Ancient Egyptians have also used massage solutions that have fir tree extracts in them. They extracted the resin which was necessary for coming up with the preparation that would improve scalp condition.

Egyptians also resorted to castor oil to enhance hair growth. This oil was mixed with sweet almond oil so that it would be easier to apply; not to mention that it would become scented.

Hair extensions aren’t modern man’s creation—in fact, the Egyptians of old have used human hair or sheep’s wool to make hair extensions and wigs. These people believed that with these hair extensions, their hair would become thicker.

Indian Civilization

Ayurveda followers used boiled sage leaves in coconut oil to stimulate hair growth. This mixture can also improve the natural pigmentation of a person’s hair.

Fenugreek was also used to fight hair loss. Sometimes, its powdered form was combined with pepper and coconut milk to come up with a massage cream of some sort.

Amla oil (extracted from Indian Gooseberries) was also boiled in coconut oil.

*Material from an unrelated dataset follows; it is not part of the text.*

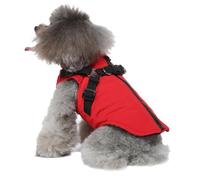 Padded Vest Dog Jacket - Waterproof Jackets with Harness and D Rings - Thick Padded Warm Coat Vest Clothes for Puppy Small Medium Large Dogs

This solution was used as a hair tonic which was best at stimulating hair growth.

Americas (Victorian Period)

Cologne, tincture of cantharides and spirit of camphor were applied to the hairs’ roots each night.

Tincture of cantharides has other partners in curing hair loss: Jamaica rum, rosemary oil, distilled water, Sesgui-carbonate of ammonia, and glycerin.

Brushing the hair vigorously was also believed to stimulate hair growth; this is true with soft hairbrushes. Stiff hairbrushes, on the other hand, can make the hair soft and shiny.


Ancient Africans made scented hair tonics by mixing steeped flowers and olive oil.

Ancient China

The Chinese believe that acupuncture could help cure alopecia. The primary acupuncture points are G5, 7, 20, Du16, 19, Yi Ming, and St8. Acupuncture treatment is done once each week or the sessions could be increased—this all depends on the acupuncturist. A seven-star needle can also be used by the patient in tapping the bald spot.

Modern man might not be able to fathom the mystery behind all of the ancient rituals, potions, and mixtures that were produced by the ancient civilizations. These people believed in such cures and some of the herbs that they have then used are still in use today.

Modern-day herbal treatments and medicines still contain some of the herbs that have been proven to prevent hair loss for thousands of years. If thousands of years of usage are not enough to convince any patient of an eventual cure, what else will?